One could make an argument that the tracks are the true star of any kart racer and unfortunately Chocobo GP fumbles the ball here too opting for the approach of variations on the same track multiple times rather than a completely wide-reaching and unique line-up. This becomes particularly noticeable during the game’s aforementioned story mode where you’ll find yourself growing weary of speeding through the same farm or beach circuits over and over. The actual design of some of them also lack any real satisfying hook or gimmick. Take any of the eight Mario Karts are you’ll likely be able to recite a number of classic tracks from each that sport clever ideas (this writer recalls DK Mountain and Mount Wario as two quick examples) whereas here I couldn’t tell you any that truly ‘stood out’. While not outright bad, the tracks in Chocobo GP just lack that inventive punch.
So-so modes and tracks aside, the racing itself fairs slightly better managing to deliver a fine enough time albeit a rather unspectacular one. Expect the usual assortment of outlandish locales, drifting mechanics and item tomfoolery the genre is so well known for with Chocobo GP throwing in a few of its own ideas. Driving feels… somewhat off, stiff even and on the easier setting lacks any real sense of speed. It does the job but when compared with the likes of Mario, Sonic or Crash Bandicoot’s efforts, pales in comparison feeling less polished and satisfying to play.
The item system offers something a little different – going by the name magicites here – and focusing around different spell elements like fire and water which can, in turn, be upgraded by racing through bronze, silver and gold eggs littering the track. The effects are nothing out of the ordinary – everything from boosts to homing attacks – but help keep the action chaotic. Arguably too chaotic to some degree, especially when you account for the fact every character also has their own unique ability. With so many items flying about the place, it has led to a number of cases where I’d get nailed repeatedly losing my pole position at the final stretch. In fact, the painfully long recovery time whenever your character gets hit is particularly frustrating, sapping any momentum right out of the race.
The game’s two difficulty options act as your 50cc and 150cc equivalents where even the former option poses a rather hefty challenge and not in a fun way I might add. Rubber banding makes an appearance and with the AI not afraid to make use of their items, shorter tracks, in particular, can feel like a roll of the dice as to whether you’ll keep hold of your 1st place or simply get smacked with an assortment of spells.

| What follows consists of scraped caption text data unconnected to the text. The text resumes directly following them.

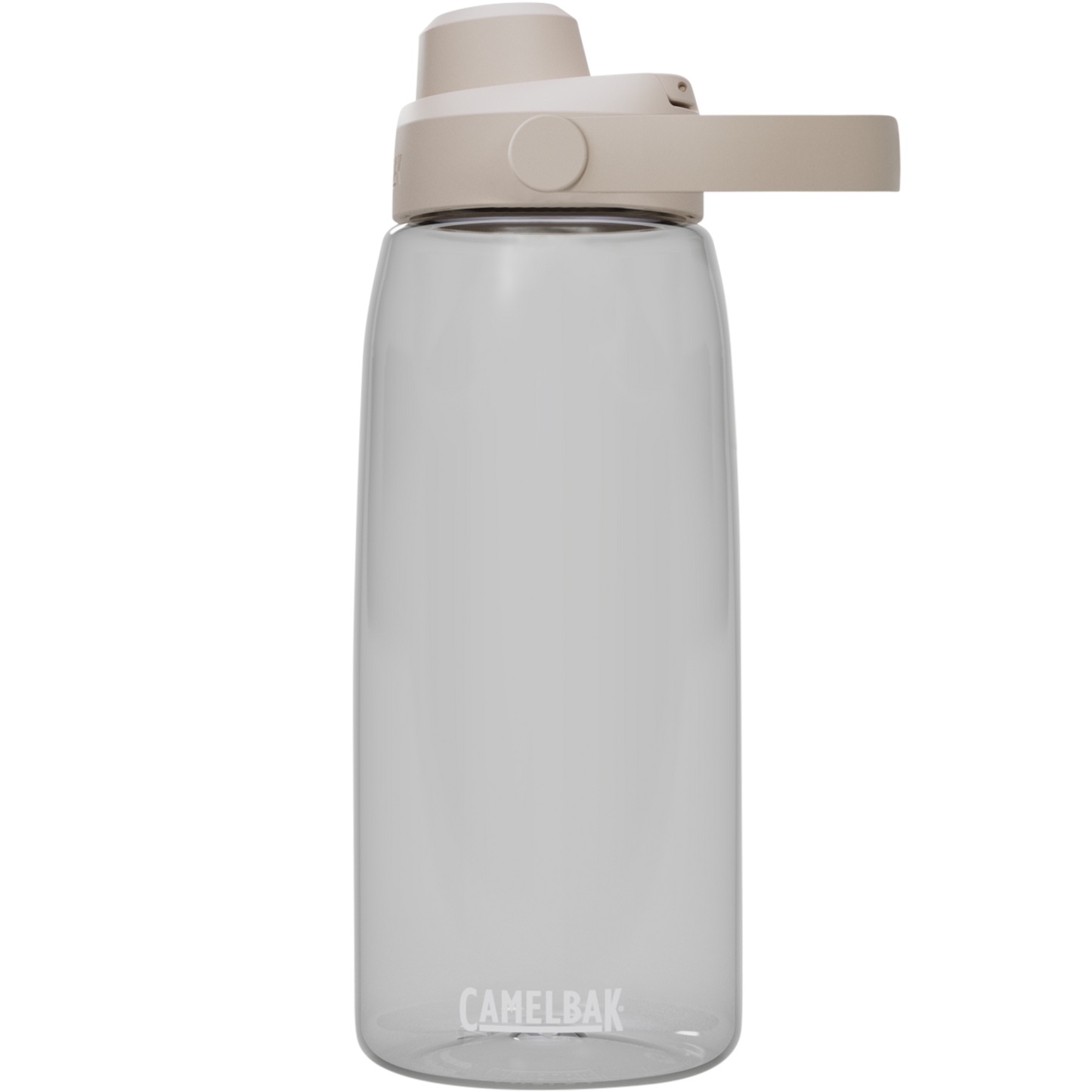 thrivetm-chug-32oz-bottle-with-tritantm-renew-l9 fe4mtqpact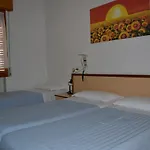 Miramonti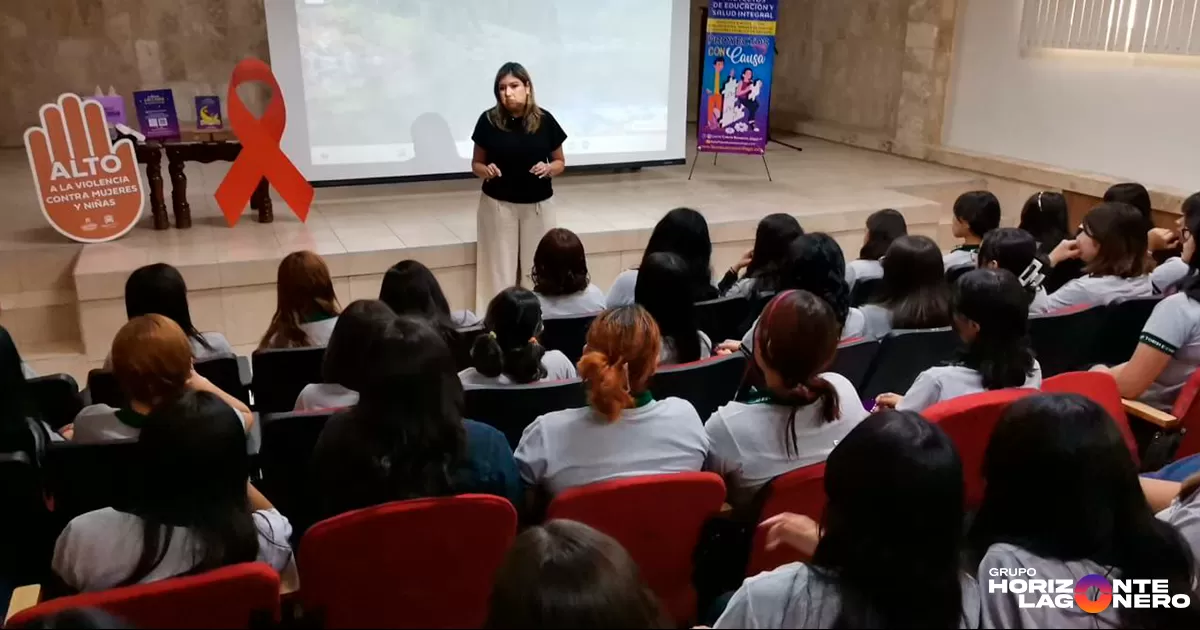 Día Mundial de la Higiene Menstrual: Tabú, desinformación y falta de acceso afectan a millones de personas menstruantes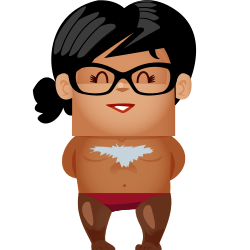 Avatar de suzanne42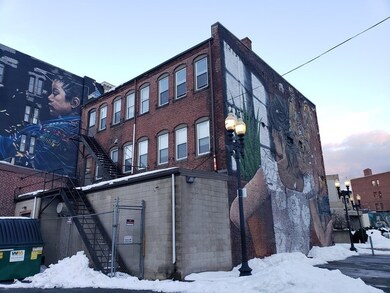 33 Spring St unit 1, Lynn, MA 01901 - photo 3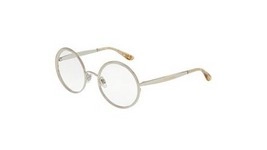  | DOLCE & GABBANA דולצ'ה גבנה | DG 1297 05 52-21-140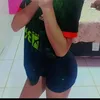 Adriana Valentina Restrepo dia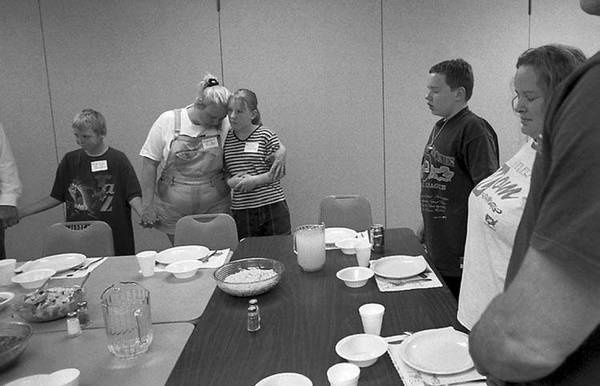 Иллюстрация к книге — Психология подросткового и юношеского возраста [autogen_ebook_id27.jpg]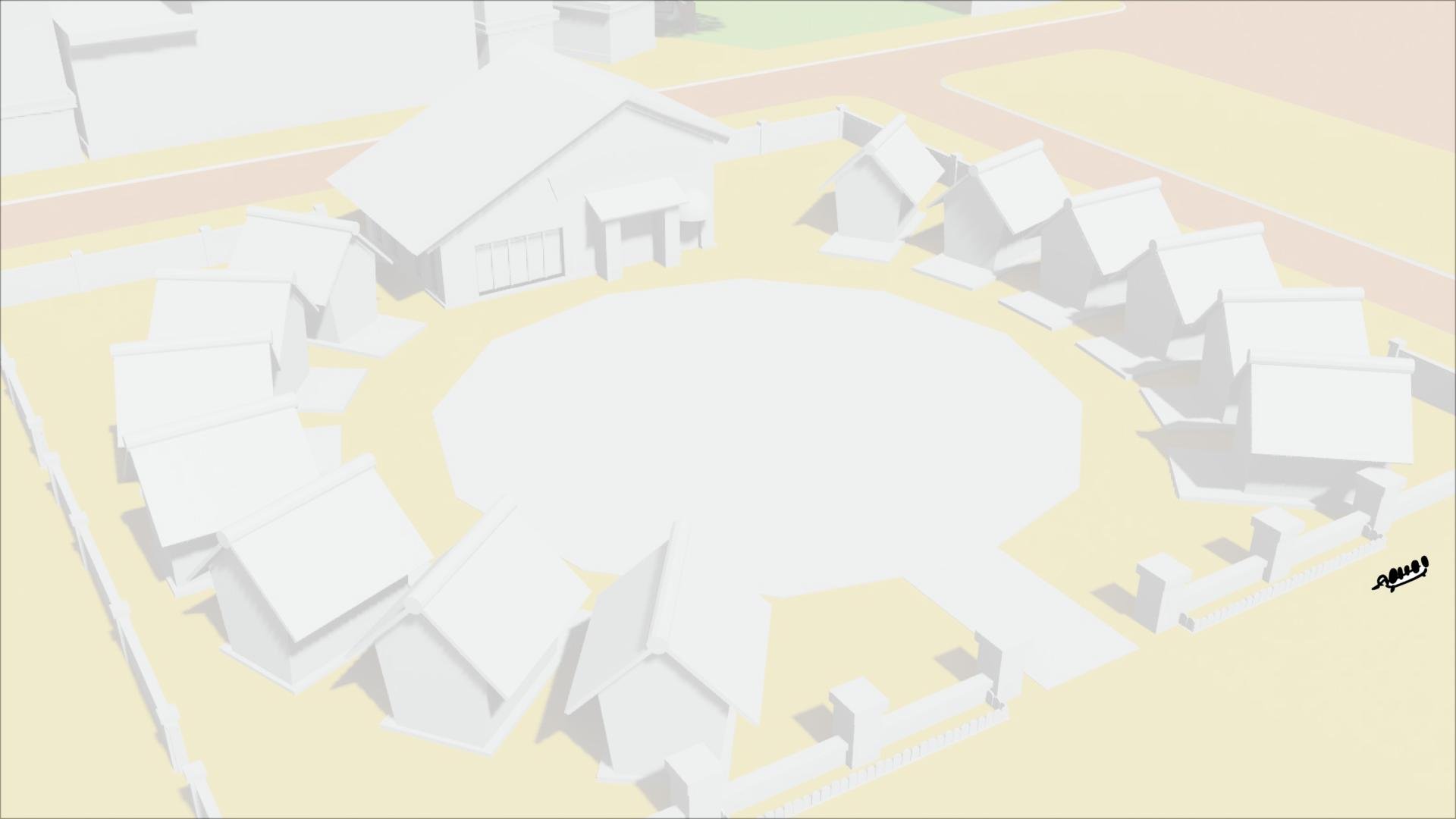 Story Assignment 05-000010-02.jpg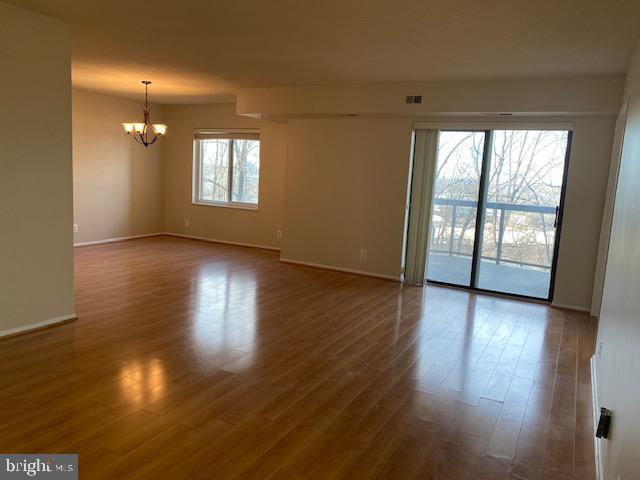 8370 GREENSBORO DRIVE 324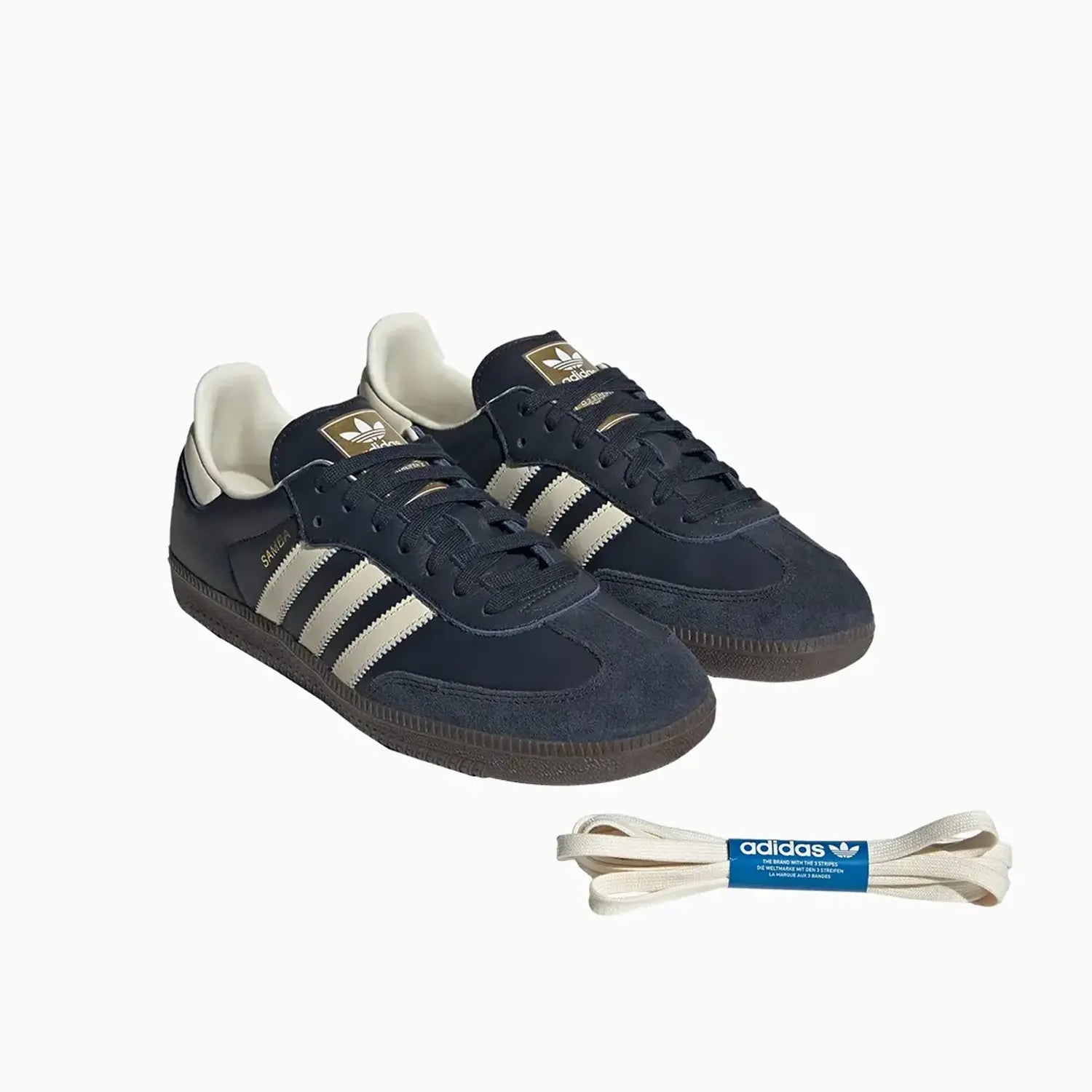 mens-originals-samba-og-night-navy-gum-shoes-id2056
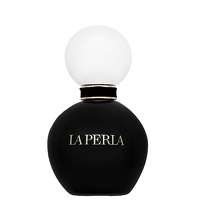 la perla signature eau de parfum spray 30ml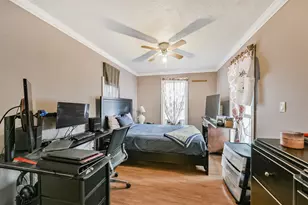 1815 Eubanks St, Houston, TX 77093 - Photo 48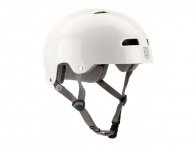 FUSE "Icon Alpha" BMX Helmet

As kart racers go, Chocobo GP is bright and colourful but decidedly forgettable all around. The racing feels serviceable but isn’t short of frustrations, tracks busy with visual flare but uninspired in their actual design and the mode selection a mish-mash of forgettable and okay options. Chocobo GP not only fails to bring anything exciting and fresh to the table but even struggles with some of the fundamentals and when compared with the best Switch has to offer in the kart racing department it falls short in just about every way.